Moses H. Cone's first additional factor-whether federal law provides the rule of decision on the merits-carries less weight when federal and state courts have concurrent jurisdiction. See Waddell & Reed, 180 F.Supp.2d at 1242 (citing Nakash v. Marciano, 882 F.2d 1411, 1416 (9th Cir. 1989) (this factor becomes less significant when state and federal courts have concurrent jurisdiction over claim)). And so, even if a federal statute “will govern the merits of [plaintiff's] . . . claims, this factor does not automatically compel the conclusion that the resolution of a claim arising under the [federal] Act is a task better suited for federal courts.” D.A. Osguthorpe, 705 F.3d at 1235. Nonetheless, presence of a claim controlled by federal law tips the balance in favor of the federal court retaining jurisdiction. Waddell & Reed, 180 F.Supp.2d at 1242 (“Because federal law controls the RICO claim, however, this factor slightly favors retaining the federal case.”).

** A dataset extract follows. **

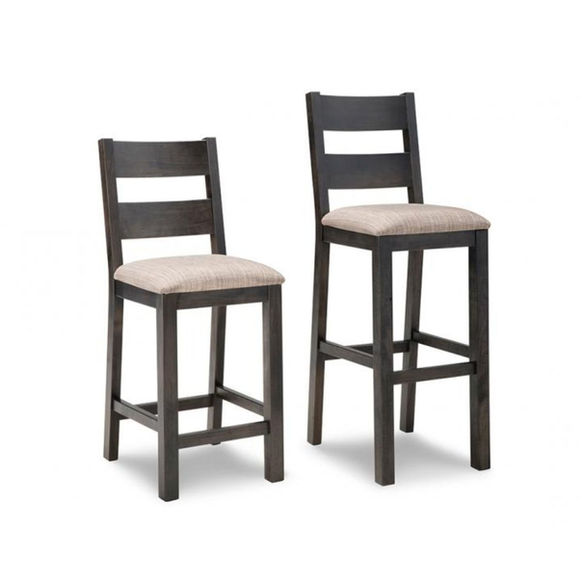 Rafters solid wood stool with fabric seat in counter and bar height by Handstone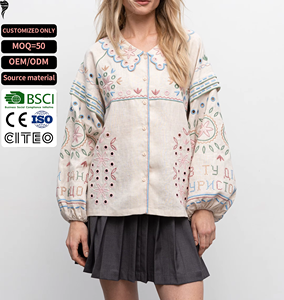 Women Embroidered <b>Linen</b> Cotton Shirt V-Neck Full Sleeve Floral Pattern Loose Fit Spring <b>Top</b> Button Closure - Product Image 1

Here, one of plaintiff's claims in her federal case is governed by Missouri law. Plaintiff brings a claim for violations of Missouri's Unlawful Merchandising Practices Act. Doc. 46 at 53 (2nd Am. Compl.). She also asserts claims “in addition or in the alternative” for “violations of the Kansas Consumer Protection Act.[.]” Id. But a majority of plaintiff's claims in this federal case are governed by federal law. Doc. 46 at 36-61 (2nd Am. Compl.). And so, though it doesn't compel retention, this factor favors retaining jurisdiction over the federal case.

Recall that plaintiff brings claims under the following federal statutes: Federal Odometer Law (Count I), Fair Debt Collection Practices Act (Count II), RICO (Counts III & IV), Magnunson-Moss Act (Count V), Fair Credit Reporting Act (Count VII), Truth in Lending Act (Count IX), and Telephone Consumer Protection Act (Count X). Doc. 46 at 36-61 (2nd Am. Compl.). Plaintiff also invokes the Federal Trade Commission's “Holder Rule” (Count VI). Id. at 48-49 (2nd Am. Compl.).

The second factor introduced by Moses H. Cone concerns the state court's adequacy as a forum to protect the parties' rights. Moses H. Cone concluded that there was “substantial room for doubt” whether the state court could provide the relief sought in the federal case there. 460 U.S. at 26-27. A little context helps. In the federal court version of Moses H. Cone, plaintiff sought an order to compel arbitration under § 4 of the Federal Arbitration Act. Id. at 26. The Court explained that § 3 of the Arbitration Act obliged state courts-just as much as federal courts-to grant stays of litigation. Id. But § 4 was a different story. The Court noted it was “less clear” whether § 4 also obliged state courts-as it did federal courts-to issue an order compelling arbitration. Id. And, the Court clarified, a § 3 stay wouldn't provide adequate protection given the circumstances of the case. Id. at 27. It had to be § 4. Id. at 26-27. Because the particular statute at issue in Moses H. Cone imposed potentially different obligations on state and federal courts, the Court declined to stay the case under Colorado River doctrine. Id. at 2628. But here, no similar concern emerges.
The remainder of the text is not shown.